In another aspect of the invention, there is provided a method of treating type 2 diabetes, said method comprises administering to a patient in a need thereof an osmotic pharmaceutical composition comprising: (a) a core, comprising: (i) a drug layer comprising vildagliptin or salt thereof, and one or more pharmaceutically acceptable excipients; (ii) a push layer comprising polyethylene oxide having molecular weight of about 5,000,000 to about 8,000,000, wherein weight ratio of vildagliptin or salt thereof and polyethylene oxide ranges from about 1:1 to about 1:5; (b) a seal coat surrounding the

core; (c) a sustained release coat cellulose acetate surrounding the seal coat; (d) an immediate release drug layer comprising vildagliptin or salt thereof surrounding the sustained release coat.
In another aspect of the invention, there is provided a method of treating type 2 diabetes, said method comprises administering to a patient in a need thereof an osmotic pharmaceutical composition comprising: (a) a core, comprising: (i) a drug layer comprising about 35 mg to about 95 mg of vildagliptin or salt thereof, and one or more pharmaceutically acceptable excipients; (ii) a push layer comprising polyethylene oxide having molecular weight of about 5,000,000 to about 8,000,000, wherein weight ratio of vildagliptin or salt thereof and polyethylene oxide ranges from about 1:1 to about 1:5; (b) a seal coat surrounding the core; (c) a sustained release coat comprising about 70% to about 95% by weight cellulose acetate surrounding the seal coat; (d) an immediate release drug layer comprising about 15 mg to about 35 mg of vildagliptin or salt thereof surrounding the sustained release coat; and wherein the composition exhibits an in-vitro release profile such that about 10% to about 30% of vildagliptin or salt thereof is released at 2 hours, when measured in USP apparatus Type I, at 100 rpm using 900 ml, 0.1N HCl at 37°C ± 0.5°C.
In another aspect of the invention, there is provided a process of preparing an osmotic pharmaceutical composition comprising: (a) a core, comprising: (i) a drug layer comprising about 35 mg to about 95 mg of vildagliptin or salt thereof, and one or more pharmaceutically acceptable excipients; (ii) a push layer comprising polyethylene oxide having molecular weight of about 5,000,000 to about 8,000,000, wherein weight ratio of vildagliptin or salt thereof and polyethylene oxide ranges from about 1:1 to about 1:5; (b) a seal coat surrounding the core; (c) a sustained release coat comprising about 70% to about 95% by weight cellulose acetate surrounding the seal coat; (d) an immediate release drug layer comprising about 15 mg to about 35 mg of vildagliptin or salt thereof surrounding the sustained release coat; and wherein the composition exhibits an in-vitro release profile such that about 10% to about 30% of vildagliptin or salt thereof is released at 2 hours, when measured in USP apparatus Type I, at 100 rpm using 900 ml, 0.1N HCl at 37°C ± 0.5°C, and wherein said process comprises steps of:
(a) preparing the drug layer in the form of a granules comprising vildagliptin or salt thereof, and one or more pharmaceutically acceptable excipients,

(b) preparing a push layer in the form of a granules comprising polyethylene oxide,
(c) compressing the granules of the drug layer and the push layer to form the core,
(d) seal coating the core of step (c),
(e) coating the seal coat of step (d) with the sustained release coat comprising about 70% to about 95% by weight cellulose acetate, and
(f) coating the sustained release coat of step (e) with the immediate release drug layer comprising vildagliptin or salt thereof to obtain the osmotic pharmaceutical composition.
BRIEF DESCRIPTION OF THE DRAWINGS
Figure 1A and Figure 1B shows in-vitro dissolution profile of vildagliptin composition 1A and composition 1B respectively, at acid stage and buffer stage.
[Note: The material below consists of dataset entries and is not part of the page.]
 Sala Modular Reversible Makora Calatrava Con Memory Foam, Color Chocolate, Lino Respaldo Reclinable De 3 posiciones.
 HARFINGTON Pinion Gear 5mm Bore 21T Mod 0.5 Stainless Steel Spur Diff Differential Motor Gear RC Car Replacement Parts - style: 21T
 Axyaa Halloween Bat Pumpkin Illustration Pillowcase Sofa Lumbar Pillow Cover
Figure 2A shows % DPP-IV inhibition after administration of invention composition 1A and GALVUS®.
Figure 2B shows Plasma-drug concentration profile after administration of invention composition 1A and GALVUS®.
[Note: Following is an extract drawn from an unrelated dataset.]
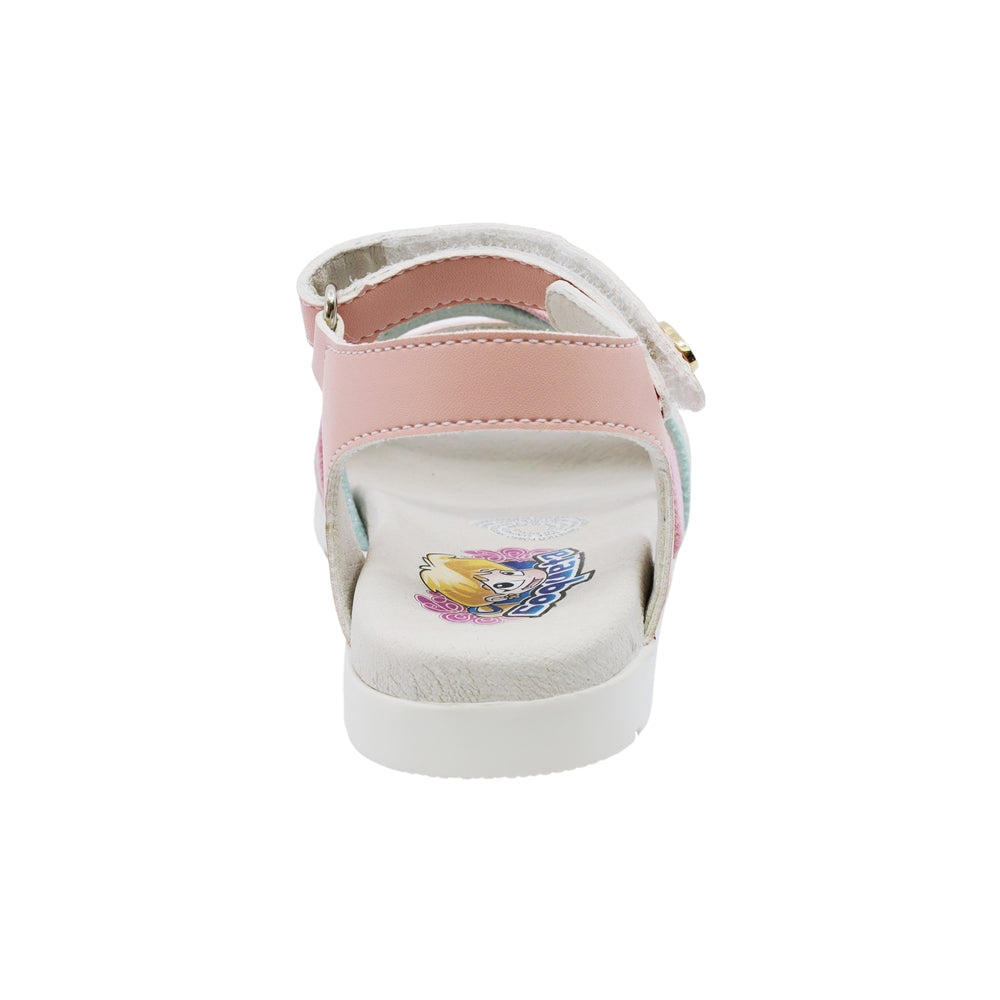 Sandalia Coqueta para niña en sintético rosa Cameron con detalles de corazones.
Figure 3A shows % DPP-IV inhibition after administration of invention composition 1B and GALVUS®.
Figure 3B shows Plasma-drug concentration profile after administration of invention composition 1B and GALVUS®.
Figure 4 shows in-vitro dissolution profile of comparative vildagliptin composition 6A and 6B at acid stage and buffer stage.
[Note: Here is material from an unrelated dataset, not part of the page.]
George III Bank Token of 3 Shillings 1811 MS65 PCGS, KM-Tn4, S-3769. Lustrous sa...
DETAILED DESCRIPTION OF THE INVENTION
A general aspect of the invention discloses an osmotic pharmaceutical composition comprising: (a) a core, comprising: (i) a drug layer comprising vildagliptin or salt thereof, and one or more pharmaceutically acceptable excipients; (ii) a push layer comprising polyethylene oxide having molecular weight of about 5,000,000 to about 8,000,000, wherein weight ratio of vildagliptin or salt thereof and polyethylene oxide ranges from

about 1:1 to about 1:5; (b) a seal coat surrounding the core; (c) a sustained release coat comprising cellulose acetate surrounding the seal coat; (d) an immediate release drug layer comprising vildagliptin or salt thereof surrounding the sustained release coat.
The term “osmotic pharmaceutical composition” refers to an advanced controlled release solid drug delivery system with a sustained release coat and one or more small laser drilled bores in it.
The term “core” refers to a matrix or a bilayer or a trilayer or a multilayer component having a drug, osmotic agent and one or more pharmaceutically acceptable excipients.
The term “sustained release coat” refers to a semi-permeable membrane controlling drug release.
In another aspect of the invention, there is provided an osmotic pharmaceutical composition comprising: (a) a core, comprising: (i) a drug layer comprising about 35 mg to about 95 mg of vildagliptin or salt thereof, and one or more pharmaceutically acceptable excipients; (ii) a push layer comprising polyethylene oxide having molecular weight of about 5,000,000 to about 8,000,000, wherein weight ratio of vildagliptin or salt thereof and polyethylene oxide ranges from about 1:1 to about 1:5; (b) a seal coat surrounding the core; (c) a sustained release coat comprising about 70% to about 95% by weight cellulose acetate surrounding the seal coat; (d) an immediate release drug layer comprising about 15 mg to about 35 mg of vildagliptin or salt thereof surrounding the sustained release coat.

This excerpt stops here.